Q15 3 Sum
First sort the array, then run through all possible first element of a triplet. For each possible first element make a 2Sum sweep of the remaining part of the array. in order to sum 0,for the 3 elements ,get the larger number toward right or get the smaller number toward left.

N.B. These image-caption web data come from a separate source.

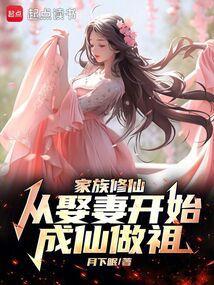 家族修仙从娶妻开始成仙做祖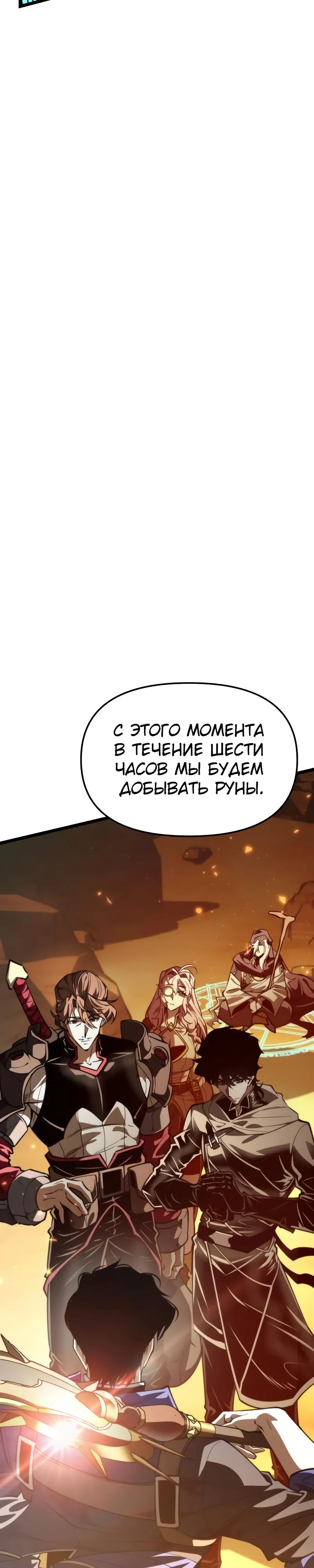 Манга Реинкарнатор - Глава 103 Страница 31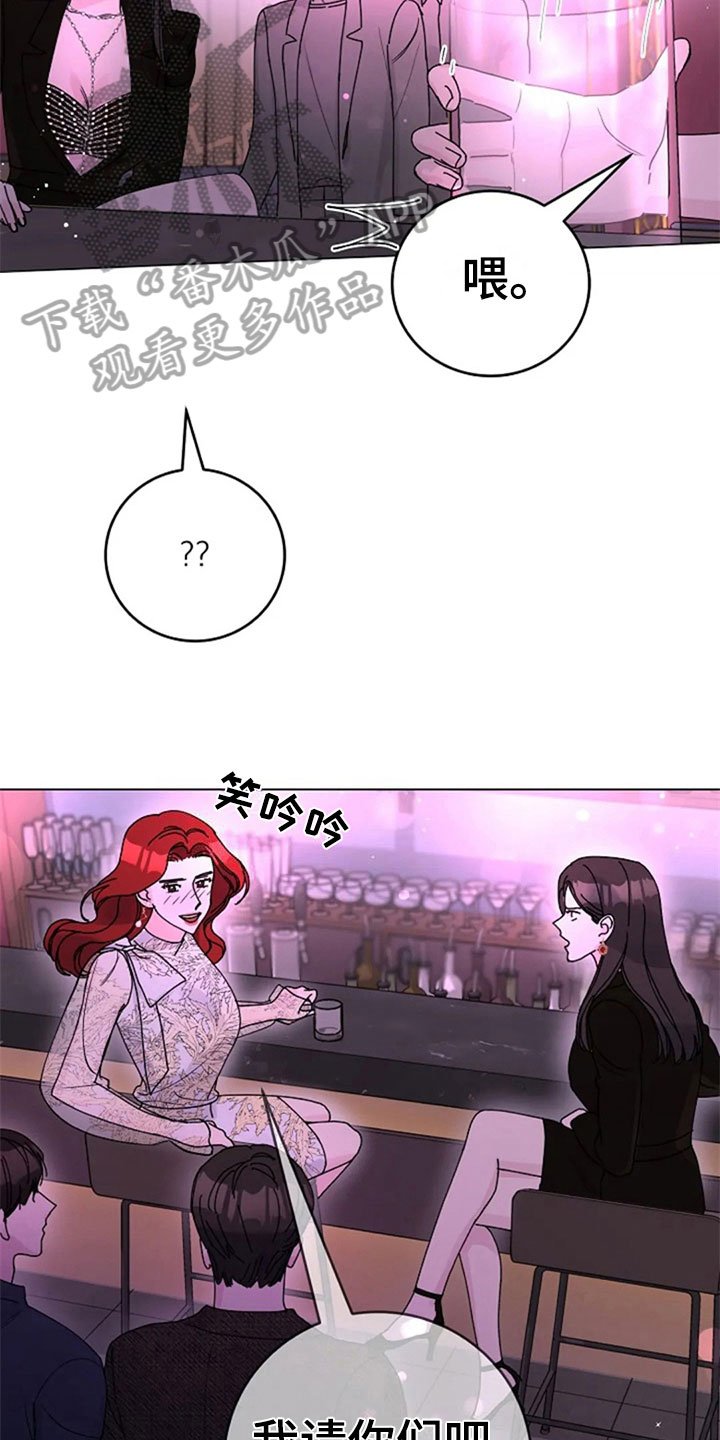第27章：主动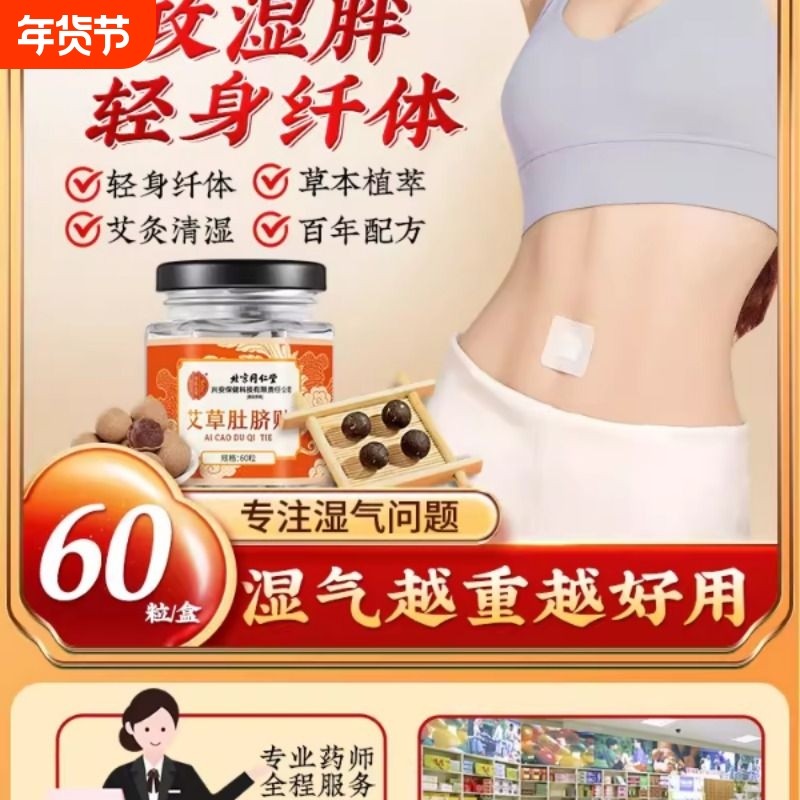 艾草花椒生姜肚脐贴去寒湿调理脾胃去湿气祛湿排毒正品官方旗舰店,保健用品,艾灸/艾草/艾条/艾制品,淘宝优惠券,粉丝福利购,淘宝优惠卷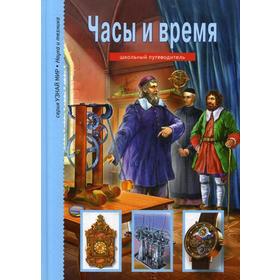 

Часы и время: школьный путеводитель. Черненко Г.Т.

And utilize hashset to avoid duplicated result.
O(n^2)
O(n)
public class Solution {
public List<List<Integer>> threeSum(int[] num) {
Arrays.sort(num);
List<List<Integer>> list = new ArrayList<List<Integer>>();
HashSet<List<Integer>> set = new HashSet<List<Integer>>();
for(int i=0;i<num.length;i++)
{
for(int low=i+1,high=num.length-1;low<high;)
{
if(num[i]+num[low]+num[high]==0)
{
List<Integer> lists= new ArrayList<Integer>();
lists.add(num[i]);
lists.add(num[low]);
lists.add(num[high]);
if(set.add(lists))
list.add(lists);
low++;
high--;
}
else if(num[i]+num[low]+num[high]<0)
low++;
else
high--;
}
}
return list;
}
}
First sort the array, then run through all possible first element of a triplet, meanwhile skip the duplicated number. For each possible first element make a 2Sum sweep of the remaining part of the array. In order to sum 0,for the 3 elements ,get the larger number toward right or get the smaller number toward left.
O(n^2)
O(n)
public class Solution {
public List<List<Integer>> threeSum(int[] num) {
Arrays.sort(num);
List<List<Integer>> res = new ArrayList<List<Integer>>();
for (int i = 0; i < num.length-2; i++) {
if (i == 0 || (i > 0 && num[i] != num[i-1])) {
int low = i+1, high = num.length-1, sum = 0 - num[i];
while (low < high) {
if (num[low] + num[high] == sum) {
res.add(Arrays.asList(num[i], num[low], num[high]));
while (low < high && num[low] == num[low+1]) low++;
while (low < high && num[high] == num[high-1]) high--;
low++; high--;
} else if (num[low] + num[high] < sum) low++;
else high--;
}
}
}
return res;
}
}